You are viewing a plain text version of this content. The canonical link for it is here.
Posted to user@hbase.apache.org by Chris Hostetter <ho...@fucit.org> on 2009/03/23 22:22:12 UTC

Some REST GET questions

I've got myself a little HBase install up and running on a small Hadoop 
cluster, currently running...
 	HBase Version	0.19.0, r735381
 	HBase Compiled	Sun Jan 18 14:29:34 PST 2009, stack
 	Hadoop Version	0.19.0, r713890
 	Hadoop Compiled	Fri Nov 14 03:12:29 UTC 2008, ndaley

testing stuff out with the hbase shell, things are working nicely.  I'm 
also using trying out the REST API, and I have a few questions about
how to execute certain queries.

First off, this is the table i'm testing with...

{NAME => 'userdata', IS_ROOT => 'false', IS_META => 'false',
  FAMILIES => [{NAME => 'hist', BLOOMFILTER => 'false', COMPRESSION => 
'NONE', VERSIONS => '20', LENGTH => '2147483647', TTL => '-1', IN_MEMORY => 'false', 
BLOCKCACHE => 'false'}, {NAME => 'user', BLOOMFILTER => 'false', 
COMPRESSION => 'NONE', VERSIONS => '1', LENGTH => '2147483647', TTL => 
'-1', IN_MEMORY => 'false', BLOCKCACHE => 'false'}], INDEXES => []}

This hypothetical example being a user activity tracking system -- the 
"keys' will be usernames, and for every action a user takes, a row will be 
inserted into the userdata table.  for some of the data i only care about 
the last action the user took, and i put that in the "user" column family 
(only 1 version) and for other pieces of data i want to keep a history of 
the last 20 actions the user took (the "hist" column family)

My first question is about clarifying what should/shoulnd't be base64 
encoded.  According to the wiki docs for hte rest interface...
   http://wiki.apache.org/hadoop/Hbase/HbaseRest
...the "value" portion of a column entry is base64 
encoded, but the "name" is not -- this matches the behavior i observe when 
POSTing data and then inspecting it using the hbase shell -- however when 
I GET results from a query using the REST interface, the names are coming 
back base64 encoded as well.  This message from a year ago seems to 
suggest that this is the expected behavior because names "can be arbitrary 
binary strings." ...
   http://markmail.org/message/dyrnxphcjp3g4ow4

...but in that case there is API descrepency between the I and the O in 
the I/O of the REST interface.  which is considered more correct? is 
there a migration plan for rectifying the discrepency?


Second Question: querying for multiple version.  I'm trying to figure out 
how i can execute the following query (from the hbase shell) via the REST 
interface...
    get 'userdata', 'hossman', {COLUMN => 'hist:vote', VERSIONS => 10}
...my naive assumption based on the other examples on the wiki are that 
something like this might work...
    http://host:60010/api/userdata/row/hossman?column=hist:vote&versions=10
...but the "versions" request param seems to be ignored.  Is this type of 
multi-version query at all supported in the REST interface?


My last question also relates to querying for multiple versions of columns 
-- the key question being "column(s)" plural.  as i mentioned before, this 
query in the base shell works fine for getting the last 10 versions of a 
specific column...
     get 'userdata', 'hossman', {COLUMN => 'hist:vote', VERSIONS => 10}
...but i can't seem to find any way to indicate that i want the last 
10 versions of *all* the columns associated with the specified key 
-- in either the REST interface or the hbase shell.
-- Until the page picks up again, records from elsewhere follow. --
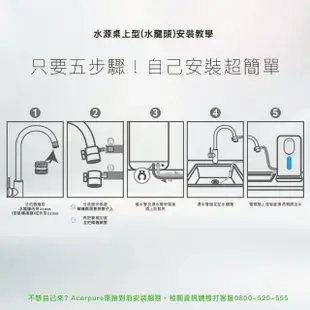 【acerpure】aqua 冰溫瞬熱RO濾淨飲水機(DIY 水線安裝版 WP743-60W)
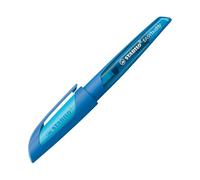 STABILO Easybuddy - Pluma escolar con plumín para zurdos (tamaño grande), color azul oscuro/azul claro L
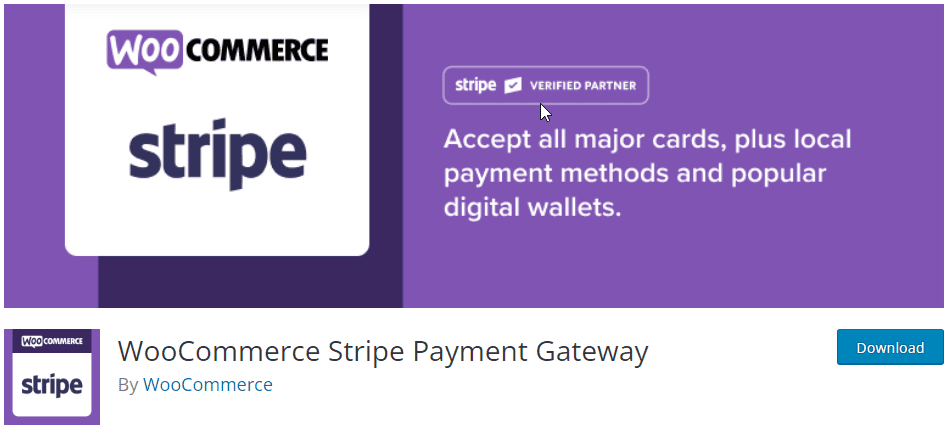 Test modu için WooCommerce Stripe eklentisi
I was particularly 
suprised by this error...

    get 'userdata', 'hossman', { VERSIONS => 10 }
TypeError: can't convert Hash into String
 	from /var/opt/chrish-hadoop/hbase-0.19.0/bin/../bin/hirb.rb:326:in `get'
 	from /var/opt/chrish-hadoop/hbase-0.19.0/bin/../bin/hirb.rb:326:in `get'
 	from (hbase):47:in `binding'
Maybe IRB bug!!

...and the fact that this query only produced the most recent values for 
the specified columns (even though querying for either of them 
individually with the VERSIONS=>10 option produced the full lsit for 
each)...
    get 'userdata','hossman',{COLUMNS=>['hist:vote','hist:doc'],VERSIONS=>10}
COLUMN                       CELL
  hist:doc                    timestamp=1237842101205, value=2908
  hist:vote                   timestamp=1237842101205, value=23
2 row(s) in 0.0360 seconds

Obviously anything in the "user" family only has one version (because 
that's the way the family was declared) but that's ok -- my goal is to get 
whatever data is available going back up to 10 versions.  It's not so bad 
if i have to execute two REST GETs: one for all of the current values in 
the 'user' family, and one for the last 10 versions of all the values in 
the 'hist' family; and it's not the end of the world if i have to 
explicitly list all of the column names i want in each request -- but 
making a seperate request for every column name that has multiple versions 
seems like it could get prohibitive.



Thanks in advance for any light people might be able to shed on these 
questions.


-Hoss


Re: Some REST GET questions

Posted by Billy Pearson <sa...@pearsonwholesale.com>.
I did a php class
https://issues.apache.org/jira/browse/HBASE-37

It will give you some clues on some stuff about api if you are using php or 
can read php then it should help.

Billy


"Chris Hostetter" <ho...@fucit.org> 
wrote in message news:Pine.LNX.4.64.0903231341200.22171@radix.cryptio.net...
>
> I've got myself a little HBase install up and running on a small Hadoop 
> cluster, currently running...
>  HBase Version 0.19.0, r735381
>  HBase Compiled Sun Jan 18 14:29:34 PST 2009, stack
>  Hadoop Version 0.19.0, r713890
>  Hadoop Compiled Fri Nov 14 03:12:29 UTC 2008, ndaley
>
> testing stuff out with the hbase shell, things are working nicely.  I'm 
> also using trying out the REST API, and I have a few questions about
> how to execute certain queries.
>
> First off, this is the table i'm testing with...
>
> {NAME => 'userdata', IS_ROOT => 'false', IS_META => 'false',
>  FAMILIES => [{NAME => 'hist', BLOOMFILTER => 'false', COMPRESSION => 
> 'NONE', VERSIONS => '20', LENGTH => '2147483647', TTL => '-1', IN_MEMORY 
> => 'false', BLOCKCACHE => 'false'}, {NAME => 'user', BLOOMFILTER => 
> 'false', COMPRESSION => 'NONE', VERSIONS => '1', LENGTH => '2147483647', 
> TTL => '-1', IN_MEMORY => 'false', BLOCKCACHE => 'false'}], INDEXES => []}
>
> This hypothetical example being a user activity tracking system -- the 
> "keys' will be usernames, and for every action a user takes, a row will be 
> inserted into the userdata table.  for some of the data i only care about 
> the last action the user took, and i put that in the "user" column family 
> (only 1 version) and for other pieces of data i want to keep a history of 
> the last 20 actions the user took (the "hist" column family)
>
> My first question is about clarifying what should/shoulnd't be base64 
> encoded.  According to the wiki docs for hte rest interface...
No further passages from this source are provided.